WORK ORDER> Could you copy out all of the entries exactly?

PROVIDED INFORMATION>
------------------------------------------------------------

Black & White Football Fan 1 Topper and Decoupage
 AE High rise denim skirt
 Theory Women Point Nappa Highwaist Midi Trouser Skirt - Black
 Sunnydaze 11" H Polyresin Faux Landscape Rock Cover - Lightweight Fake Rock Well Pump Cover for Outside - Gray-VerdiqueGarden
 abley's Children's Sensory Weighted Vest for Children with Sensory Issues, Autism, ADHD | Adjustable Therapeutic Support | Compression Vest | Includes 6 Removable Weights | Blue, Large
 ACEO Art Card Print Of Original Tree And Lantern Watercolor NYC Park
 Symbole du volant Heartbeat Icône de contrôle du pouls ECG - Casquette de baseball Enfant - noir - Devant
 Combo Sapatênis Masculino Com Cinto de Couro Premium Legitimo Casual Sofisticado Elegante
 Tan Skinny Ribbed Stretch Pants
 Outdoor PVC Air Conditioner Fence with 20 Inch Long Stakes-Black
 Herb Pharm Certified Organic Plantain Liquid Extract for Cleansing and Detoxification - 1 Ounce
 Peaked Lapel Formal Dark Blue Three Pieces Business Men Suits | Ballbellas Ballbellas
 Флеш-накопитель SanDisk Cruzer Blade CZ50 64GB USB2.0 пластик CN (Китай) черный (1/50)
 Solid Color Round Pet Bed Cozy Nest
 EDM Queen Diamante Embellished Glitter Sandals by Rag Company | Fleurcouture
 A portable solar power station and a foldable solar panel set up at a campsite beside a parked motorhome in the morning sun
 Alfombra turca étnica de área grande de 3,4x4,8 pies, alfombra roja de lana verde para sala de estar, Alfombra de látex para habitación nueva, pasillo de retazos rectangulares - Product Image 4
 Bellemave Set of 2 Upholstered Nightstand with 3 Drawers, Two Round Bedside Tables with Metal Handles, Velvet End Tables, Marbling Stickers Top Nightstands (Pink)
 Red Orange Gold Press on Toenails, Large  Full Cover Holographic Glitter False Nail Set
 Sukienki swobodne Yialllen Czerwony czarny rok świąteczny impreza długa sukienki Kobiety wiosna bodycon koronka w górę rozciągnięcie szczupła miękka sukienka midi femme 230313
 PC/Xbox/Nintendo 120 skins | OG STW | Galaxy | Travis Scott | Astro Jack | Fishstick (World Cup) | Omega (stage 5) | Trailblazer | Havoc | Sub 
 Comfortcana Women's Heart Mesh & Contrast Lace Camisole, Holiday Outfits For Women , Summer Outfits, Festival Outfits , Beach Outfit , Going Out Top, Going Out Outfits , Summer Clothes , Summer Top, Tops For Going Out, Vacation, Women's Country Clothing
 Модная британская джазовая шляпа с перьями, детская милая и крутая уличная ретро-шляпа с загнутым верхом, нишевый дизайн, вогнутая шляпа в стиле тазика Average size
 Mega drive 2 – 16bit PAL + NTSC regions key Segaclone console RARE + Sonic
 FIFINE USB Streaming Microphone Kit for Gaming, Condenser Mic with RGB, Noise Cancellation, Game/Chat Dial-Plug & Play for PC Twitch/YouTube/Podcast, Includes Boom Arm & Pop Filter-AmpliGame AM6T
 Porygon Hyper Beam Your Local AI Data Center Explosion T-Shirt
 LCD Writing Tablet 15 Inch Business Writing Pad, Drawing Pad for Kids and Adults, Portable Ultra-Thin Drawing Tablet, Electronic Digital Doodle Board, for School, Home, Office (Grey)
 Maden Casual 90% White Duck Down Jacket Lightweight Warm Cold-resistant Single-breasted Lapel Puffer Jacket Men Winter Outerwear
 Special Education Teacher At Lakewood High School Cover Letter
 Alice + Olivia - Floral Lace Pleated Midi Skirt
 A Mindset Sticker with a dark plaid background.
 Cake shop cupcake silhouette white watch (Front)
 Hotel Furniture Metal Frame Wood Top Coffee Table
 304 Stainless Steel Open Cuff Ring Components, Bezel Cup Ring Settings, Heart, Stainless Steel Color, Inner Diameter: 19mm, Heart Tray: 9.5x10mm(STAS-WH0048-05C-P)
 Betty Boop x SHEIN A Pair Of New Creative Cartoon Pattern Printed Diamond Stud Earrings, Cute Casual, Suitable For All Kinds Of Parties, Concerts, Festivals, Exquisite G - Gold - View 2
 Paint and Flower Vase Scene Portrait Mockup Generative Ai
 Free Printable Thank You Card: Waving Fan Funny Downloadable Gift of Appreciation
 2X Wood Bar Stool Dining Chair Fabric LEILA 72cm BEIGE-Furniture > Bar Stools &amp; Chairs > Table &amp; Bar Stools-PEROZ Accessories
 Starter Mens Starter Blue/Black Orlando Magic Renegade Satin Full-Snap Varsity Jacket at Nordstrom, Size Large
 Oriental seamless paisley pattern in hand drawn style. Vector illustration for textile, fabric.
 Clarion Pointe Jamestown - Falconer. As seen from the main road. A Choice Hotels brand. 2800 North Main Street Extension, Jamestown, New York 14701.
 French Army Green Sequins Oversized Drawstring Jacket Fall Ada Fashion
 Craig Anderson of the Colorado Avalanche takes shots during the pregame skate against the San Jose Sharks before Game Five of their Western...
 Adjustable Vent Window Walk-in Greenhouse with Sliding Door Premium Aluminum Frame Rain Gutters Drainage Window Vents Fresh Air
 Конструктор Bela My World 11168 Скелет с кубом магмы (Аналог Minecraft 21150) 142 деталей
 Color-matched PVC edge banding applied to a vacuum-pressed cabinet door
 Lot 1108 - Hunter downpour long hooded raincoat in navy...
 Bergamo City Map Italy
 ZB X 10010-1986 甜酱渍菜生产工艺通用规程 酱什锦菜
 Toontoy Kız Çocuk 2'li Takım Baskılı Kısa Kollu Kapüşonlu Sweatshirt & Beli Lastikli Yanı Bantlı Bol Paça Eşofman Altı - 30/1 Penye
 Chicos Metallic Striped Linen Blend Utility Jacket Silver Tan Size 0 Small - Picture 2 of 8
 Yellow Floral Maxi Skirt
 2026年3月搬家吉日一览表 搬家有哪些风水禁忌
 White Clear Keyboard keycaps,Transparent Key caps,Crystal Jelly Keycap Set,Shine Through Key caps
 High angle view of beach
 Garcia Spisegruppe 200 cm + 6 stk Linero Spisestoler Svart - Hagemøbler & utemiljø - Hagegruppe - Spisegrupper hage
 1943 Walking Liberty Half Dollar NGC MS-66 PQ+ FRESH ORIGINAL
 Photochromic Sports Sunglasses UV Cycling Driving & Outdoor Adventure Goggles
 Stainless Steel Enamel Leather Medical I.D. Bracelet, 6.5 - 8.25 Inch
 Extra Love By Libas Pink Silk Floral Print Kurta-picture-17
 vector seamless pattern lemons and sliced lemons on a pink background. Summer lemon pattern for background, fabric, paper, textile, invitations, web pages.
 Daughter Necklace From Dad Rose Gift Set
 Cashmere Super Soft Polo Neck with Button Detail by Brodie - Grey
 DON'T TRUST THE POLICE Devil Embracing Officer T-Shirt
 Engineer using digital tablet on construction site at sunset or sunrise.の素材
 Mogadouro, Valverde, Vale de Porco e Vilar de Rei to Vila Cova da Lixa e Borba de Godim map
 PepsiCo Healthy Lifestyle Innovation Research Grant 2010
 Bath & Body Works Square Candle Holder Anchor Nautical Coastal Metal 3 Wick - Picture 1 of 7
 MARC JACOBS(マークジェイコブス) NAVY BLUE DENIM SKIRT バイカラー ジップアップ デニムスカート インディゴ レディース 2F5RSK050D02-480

------------------------------------------------------------

WORKED SOLUTION>
Black & White Football Fan 1 Topper and Decoupage
 AE High rise denim skirt
 Theory Women Point Nappa Highwaist Midi Trouser Skirt - Black
 Sunnydaze 11" H Polyresin Faux Landscape Rock Cover - Lightweight Fake Rock Well Pump Cover for Outside - Gray-VerdiqueGarden
 abley's Children's Sensory Weighted Vest for Children with Sensory Issues, Autism, ADHD | Adjustable Therapeutic Support | Compression Vest | Includes 6 Removable Weights | Blue, Large
 ACEO Art Card Print Of Original Tree And Lantern Watercolor NYC Park
 Symbole du volant Heartbeat Icône de contrôle du pouls ECG - Casquette de baseball Enfant - noir - Devant
 Combo Sapatênis Masculino Com Cinto de Couro Premium Legitimo Casual Sofisticado Elegante
 Tan Skinny Ribbed Stretch Pants
 Outdoor PVC Air Conditioner Fence with 20 Inch Long Stakes-Black
 Herb Pharm Certified Organic Plantain Liquid Extract for Cleansing and Detoxification - 1 Ounce
 Peaked Lapel Formal Dark Blue Three Pieces Business Men Suits | Ballbellas Ballbellas
 Флеш-накопитель SanDisk Cruzer Blade CZ50 64GB USB2.0 пластик CN (Китай) черный (1/50)
 Solid Color Round Pet Bed Cozy Nest
 EDM Queen Diamante Embellished Glitter Sandals by Rag Company | Fleurcouture
 A portable solar power station and a foldable solar panel set up at a campsite beside a parked motorhome in the morning sun
 Alfombra turca étnica de área grande de 3,4x4,8 pies, alfombra roja de lana verde para sala de estar, Alfombra de látex para habitación nueva, pasillo de retazos rectangulares - Product Image 4
 Bellemave Set of 2 Upholstered Nightstand with 3 Drawers, Two Round Bedside Tables with Metal Handles, Velvet End Tables, Marbling Stickers Top Nightstands (Pink)
 Red Orange Gold Press on Toenails, Large  Full Cover Holographic Glitter False Nail Set
 Sukienki swobodne Yialllen Czerwony czarny rok świąteczny impreza długa sukienki Kobiety wiosna bodycon koronka w górę rozciągnięcie szczupła miękka sukienka midi femme 230313
 PC/Xbox/Nintendo 120 skins | OG STW | Galaxy | Travis Scott | Astro Jack | Fishstick (World Cup) | Omega (stage 5) | Trailblazer | Havoc | Sub 
 Comfortcana Women's Heart Mesh & Contrast Lace Camisole, Holiday Outfits For Women , Summer Outfits, Festival Outfits , Beach Outfit , Going Out Top, Going Out Outfits , Summer Clothes , Summer Top, Tops For Going Out, Vacation, Women's Country Clothing
 Модная британская джазовая шляпа с перьями, детская милая и крутая уличная ретро-шляпа с загнутым верхом, нишевый дизайн, вогнутая шляпа в стиле тазика Average size
 Mega drive 2 – 16bit PAL + NTSC regions key Segaclone console RARE + Sonic
 FIFINE USB Streaming Microphone Kit for Gaming, Condenser Mic with RGB, Noise Cancellation, Game/Chat Dial-Plug & Play for PC Twitch/YouTube/Podcast, Includes Boom Arm & Pop Filter-AmpliGame AM6T
 Porygon Hyper Beam Your Local AI Data Center Explosion T-Shirt
 LCD Writing Tablet 15 Inch Business Writing Pad, Drawing Pad for Kids and Adults, Portable Ultra-Thin Drawing Tablet, Electronic Digital Doodle Board, for School, Home, Office (Grey)
 Maden Casual 90% White Duck Down Jacket Lightweight Warm Cold-resistant Single-breasted Lapel Puffer Jacket Men Winter Outerwear
 Special Education Teacher At Lakewood High School Cover Letter
 Alice + Olivia - Floral Lace Pleated Midi Skirt
 A Mindset Sticker with a dark plaid background.
 Cake shop cupcake silhouette white watch (Front)
 Hotel Furniture Metal Frame Wood Top Coffee Table
 304 Stainless Steel Open Cuff Ring Components, Bezel Cup Ring Settings, Heart, Stainless Steel Color, Inner Diameter: 19mm, Heart Tray: 9.5x10mm(STAS-WH0048-05C-P)
 Betty Boop x SHEIN A Pair Of New Creative Cartoon Pattern Printed Diamond Stud Earrings, Cute Casual, Suitable For All Kinds Of Parties, Concerts, Festivals, Exquisite G - Gold - View 2
 Paint and Flower Vase Scene Portrait Mockup Generative Ai
 Free Printable Thank You Card: Waving Fan Funny Downloadable Gift of Appreciation
 2X Wood Bar Stool Dining Chair Fabric LEILA 72cm BEIGE-Furniture > Bar Stools &amp; Chairs > Table &amp; Bar Stools-PEROZ Accessories
 Starter Mens Starter Blue/Black Orlando Magic Renegade Satin Full-Snap Varsity Jacket at Nordstrom, Size Large
 Oriental seamless paisley pattern in hand drawn style. Vector illustration for textile, fabric.
 Clarion Pointe Jamestown - Falconer. As seen from the main road. A Choice Hotels brand. 2800 North Main Street Extension, Jamestown, New York 14701.
 French Army Green Sequins Oversized Drawstring Jacket Fall Ada Fashion
 Craig Anderson of the Colorado Avalanche takes shots during the pregame skate against the San Jose Sharks before Game Five of their Western...
 Adjustable Vent Window Walk-in Greenhouse with Sliding Door Premium Aluminum Frame Rain Gutters Drainage Window Vents Fresh Air
 Конструктор Bela My World 11168 Скелет с кубом магмы (Аналог Minecraft 21150) 142 деталей
 Color-matched PVC edge banding applied to a vacuum-pressed cabinet door
 Lot 1108 - Hunter downpour long hooded raincoat in navy...
 Bergamo City Map Italy
 ZB X 10010-1986 甜酱渍菜生产工艺通用规程 酱什锦菜
 Toontoy Kız Çocuk 2'li Takım Baskılı Kısa Kollu Kapüşonlu Sweatshirt & Beli Lastikli Yanı Bantlı Bol Paça Eşofman Altı - 30/1 Penye
 Chicos Metallic Striped Linen Blend Utility Jacket Silver Tan Size 0 Small - Picture 2 of 8
 Yellow Floral Maxi Skirt
 2026年3月搬家吉日一览表 搬家有哪些风水禁忌
 White Clear Keyboard keycaps,Transparent Key caps,Crystal Jelly Keycap Set,Shine Through Key caps
 High angle view of beach
 Garcia Spisegruppe 200 cm + 6 stk Linero Spisestoler Svart - Hagemøbler & utemiljø - Hagegruppe - Spisegrupper hage
 1943 Walking Liberty Half Dollar NGC MS-66 PQ+ FRESH ORIGINAL
 Photochromic Sports Sunglasses UV Cycling Driving & Outdoor Adventure Goggles
 Stainless Steel Enamel Leather Medical I.D. Bracelet, 6.5 - 8.25 Inch
 Extra Love By Libas Pink Silk Floral Print Kurta-picture-17
 vector seamless pattern lemons and sliced lemons on a pink background. Summer lemon pattern for background, fabric, paper, textile, invitations, web pages.
 Daughter Necklace From Dad Rose Gift Set
 Cashmere Super Soft Polo Neck with Button Detail by Brodie - Grey
 DON'T TRUST THE POLICE Devil Embracing Officer T-Shirt
 Engineer using digital tablet on construction site at sunset or sunrise.の素材
 Mogadouro, Valverde, Vale de Porco e Vilar de Rei to Vila Cova da Lixa e Borba de Godim map
 PepsiCo Healthy Lifestyle Innovation Research Grant 2010
 Bath & Body Works Square Candle Holder Anchor Nautical Coastal Metal 3 Wick - Picture 1 of 7
 MARC JACOBS(マークジェイコブス) NAVY BLUE DENIM SKIRT バイカラー ジップアップ デニムスカート インディゴ レディース 2F5RSK050D02-480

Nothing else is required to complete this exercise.